Thus, referring to FIGS. 2 to 9 of the drawings, the integral mechanical governor 2 is shown to include a generally cylindrical housing 31 which defines a governor assembly chamber 32 and a lubricant sump 33 therein.

The housing as shown in this preferred form of the invention is generally cup shaped having a closed end wall 34 at the inboard end thereof and at the outboard end remote therefrom which is open a closure means 35 is connected to close the open end as by threaded members 36.

The exterior of the housing is provided with a plurality of radially extending cooling fins as at 37 which serve to remove heat from the wall of the mechanical governor 2 and thus act to cool the lubricant fluid in the sump 33.

The housing 31 is provided with an access opening 38 and a boss 39 about the access opening provides means for connecting an access opening cover 40 thereto as by threaded means 41.

In the end wall 34 inboard bearing means 42 is provided to rotatably mount the driven shaft 6 which as shown in FIG. 6 extends from the interior of the governor assembly chamber 32 to the exterior of the housing 31 through an opening in the annular boss 43 provided with seals 44 thereon to prevent leakage of the lubricant from the mechanical governor 2 into the turbine or other prime mover when the mechanical governor is in operation.
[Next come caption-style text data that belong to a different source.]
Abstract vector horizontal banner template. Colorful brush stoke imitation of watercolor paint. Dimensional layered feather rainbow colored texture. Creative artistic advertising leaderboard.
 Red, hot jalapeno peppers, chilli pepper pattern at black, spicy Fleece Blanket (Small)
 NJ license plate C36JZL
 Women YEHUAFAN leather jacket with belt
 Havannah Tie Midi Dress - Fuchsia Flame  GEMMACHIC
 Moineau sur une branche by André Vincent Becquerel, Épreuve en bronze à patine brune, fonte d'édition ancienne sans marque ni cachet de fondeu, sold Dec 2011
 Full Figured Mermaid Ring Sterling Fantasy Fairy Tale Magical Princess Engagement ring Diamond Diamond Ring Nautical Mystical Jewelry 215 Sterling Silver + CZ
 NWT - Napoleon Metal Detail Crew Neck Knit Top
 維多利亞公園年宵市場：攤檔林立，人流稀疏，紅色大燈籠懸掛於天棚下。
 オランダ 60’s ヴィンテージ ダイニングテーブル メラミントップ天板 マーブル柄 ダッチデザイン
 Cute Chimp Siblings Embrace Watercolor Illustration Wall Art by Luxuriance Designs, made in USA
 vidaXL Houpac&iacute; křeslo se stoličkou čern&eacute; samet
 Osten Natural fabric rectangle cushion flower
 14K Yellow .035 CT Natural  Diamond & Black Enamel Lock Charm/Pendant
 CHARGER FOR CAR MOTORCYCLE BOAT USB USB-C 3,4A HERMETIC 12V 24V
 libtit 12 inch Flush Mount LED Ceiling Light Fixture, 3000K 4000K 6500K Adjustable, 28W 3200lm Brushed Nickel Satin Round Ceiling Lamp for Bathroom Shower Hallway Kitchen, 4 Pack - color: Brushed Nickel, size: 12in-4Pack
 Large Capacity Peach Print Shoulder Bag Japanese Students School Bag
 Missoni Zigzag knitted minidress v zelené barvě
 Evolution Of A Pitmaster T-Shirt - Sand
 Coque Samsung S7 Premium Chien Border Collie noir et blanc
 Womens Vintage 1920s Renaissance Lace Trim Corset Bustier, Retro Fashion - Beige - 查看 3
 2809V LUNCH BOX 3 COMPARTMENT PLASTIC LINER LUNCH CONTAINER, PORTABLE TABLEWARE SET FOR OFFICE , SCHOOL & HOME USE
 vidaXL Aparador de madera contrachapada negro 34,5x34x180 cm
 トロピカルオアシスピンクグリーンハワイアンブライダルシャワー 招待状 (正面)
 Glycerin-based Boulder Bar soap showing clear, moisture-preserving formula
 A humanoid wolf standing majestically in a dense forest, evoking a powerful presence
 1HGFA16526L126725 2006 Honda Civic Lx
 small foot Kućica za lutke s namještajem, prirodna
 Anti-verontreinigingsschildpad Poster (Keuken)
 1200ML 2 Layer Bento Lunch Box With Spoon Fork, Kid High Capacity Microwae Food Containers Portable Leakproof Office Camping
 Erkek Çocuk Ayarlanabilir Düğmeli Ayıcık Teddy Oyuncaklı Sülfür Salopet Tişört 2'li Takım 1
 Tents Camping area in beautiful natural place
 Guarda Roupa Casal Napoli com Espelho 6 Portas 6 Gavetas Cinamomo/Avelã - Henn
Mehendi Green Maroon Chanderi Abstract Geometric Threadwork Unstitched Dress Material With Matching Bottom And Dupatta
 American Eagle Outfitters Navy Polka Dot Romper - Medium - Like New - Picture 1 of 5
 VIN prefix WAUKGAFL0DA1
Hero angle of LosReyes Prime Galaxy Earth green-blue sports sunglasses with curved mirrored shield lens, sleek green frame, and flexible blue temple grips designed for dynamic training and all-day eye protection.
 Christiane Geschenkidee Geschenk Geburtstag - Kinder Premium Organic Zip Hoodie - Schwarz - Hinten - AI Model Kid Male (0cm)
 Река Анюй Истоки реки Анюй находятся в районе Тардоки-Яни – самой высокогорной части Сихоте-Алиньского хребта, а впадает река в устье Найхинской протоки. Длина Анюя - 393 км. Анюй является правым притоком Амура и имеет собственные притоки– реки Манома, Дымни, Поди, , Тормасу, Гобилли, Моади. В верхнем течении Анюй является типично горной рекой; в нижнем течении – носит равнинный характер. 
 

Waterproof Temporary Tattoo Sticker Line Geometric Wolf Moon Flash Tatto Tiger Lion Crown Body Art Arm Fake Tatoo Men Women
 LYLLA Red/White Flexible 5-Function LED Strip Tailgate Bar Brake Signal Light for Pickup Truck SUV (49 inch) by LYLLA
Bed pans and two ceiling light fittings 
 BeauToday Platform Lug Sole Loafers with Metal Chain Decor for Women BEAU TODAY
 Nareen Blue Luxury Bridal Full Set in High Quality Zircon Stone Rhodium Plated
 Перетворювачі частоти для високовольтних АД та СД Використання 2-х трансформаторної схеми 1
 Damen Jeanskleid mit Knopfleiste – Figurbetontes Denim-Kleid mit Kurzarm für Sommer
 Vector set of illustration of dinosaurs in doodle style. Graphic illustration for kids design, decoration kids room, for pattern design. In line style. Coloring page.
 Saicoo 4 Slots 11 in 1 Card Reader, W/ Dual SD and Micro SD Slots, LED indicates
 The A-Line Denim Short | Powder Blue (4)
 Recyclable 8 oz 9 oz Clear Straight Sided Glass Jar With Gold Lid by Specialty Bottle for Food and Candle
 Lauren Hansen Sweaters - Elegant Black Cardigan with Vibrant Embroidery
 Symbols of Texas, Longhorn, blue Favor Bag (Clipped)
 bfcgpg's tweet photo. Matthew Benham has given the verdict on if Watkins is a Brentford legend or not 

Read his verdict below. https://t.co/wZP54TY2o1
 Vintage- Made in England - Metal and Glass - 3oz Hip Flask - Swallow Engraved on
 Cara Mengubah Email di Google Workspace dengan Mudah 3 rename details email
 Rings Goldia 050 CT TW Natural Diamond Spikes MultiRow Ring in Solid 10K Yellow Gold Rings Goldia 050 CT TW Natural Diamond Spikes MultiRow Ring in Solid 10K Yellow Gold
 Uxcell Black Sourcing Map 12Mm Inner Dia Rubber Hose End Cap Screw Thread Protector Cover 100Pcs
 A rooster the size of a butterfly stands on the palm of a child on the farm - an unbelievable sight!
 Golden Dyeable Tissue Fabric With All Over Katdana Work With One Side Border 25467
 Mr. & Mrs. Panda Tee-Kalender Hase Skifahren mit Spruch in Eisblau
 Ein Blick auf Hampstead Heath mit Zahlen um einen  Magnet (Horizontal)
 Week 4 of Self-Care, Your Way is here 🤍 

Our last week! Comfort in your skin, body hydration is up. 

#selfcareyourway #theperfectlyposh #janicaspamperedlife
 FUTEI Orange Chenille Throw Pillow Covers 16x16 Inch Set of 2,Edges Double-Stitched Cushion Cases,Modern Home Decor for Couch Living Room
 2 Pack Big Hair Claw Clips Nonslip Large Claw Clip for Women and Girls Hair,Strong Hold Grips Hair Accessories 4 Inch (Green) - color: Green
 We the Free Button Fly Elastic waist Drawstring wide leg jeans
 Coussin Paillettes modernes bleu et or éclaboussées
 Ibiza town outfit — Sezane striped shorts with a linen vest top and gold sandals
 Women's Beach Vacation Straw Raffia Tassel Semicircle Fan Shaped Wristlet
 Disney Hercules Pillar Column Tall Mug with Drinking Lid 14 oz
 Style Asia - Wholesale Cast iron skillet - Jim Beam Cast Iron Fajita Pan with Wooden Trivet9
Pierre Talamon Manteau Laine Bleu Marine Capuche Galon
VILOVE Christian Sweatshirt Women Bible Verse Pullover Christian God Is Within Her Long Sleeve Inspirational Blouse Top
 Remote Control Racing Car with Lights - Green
The end of the driven shaft 6 in the governor assembly chamber is connected to a governor weight holder 51 which is fixedly connected and rotatable with the driven shaft 6.

Substantially L-shaped weight members 52a and 52b are pivotally connected to the weight holder 51 at the points 53a and 53b respectively where the respective legs of the L-shaped weight members intersect. In assembled position the weight members are connected on the weight holder spaced 180.degree. from each other and the weighted legs 54a and 54b respectively on the weight members 52a and 52b will in non-operating position lie substantially parallel to the longitudinal line of the mechanical governor 2 and the respective actuating cam lever legs 55a and 55b will lie approximately normal to the said longitudinal line of the mechanical governor 2.

At the end of each respective actuating cam lever leg 55a and 55b a roller as at 56a and 56b is rotatably mounted.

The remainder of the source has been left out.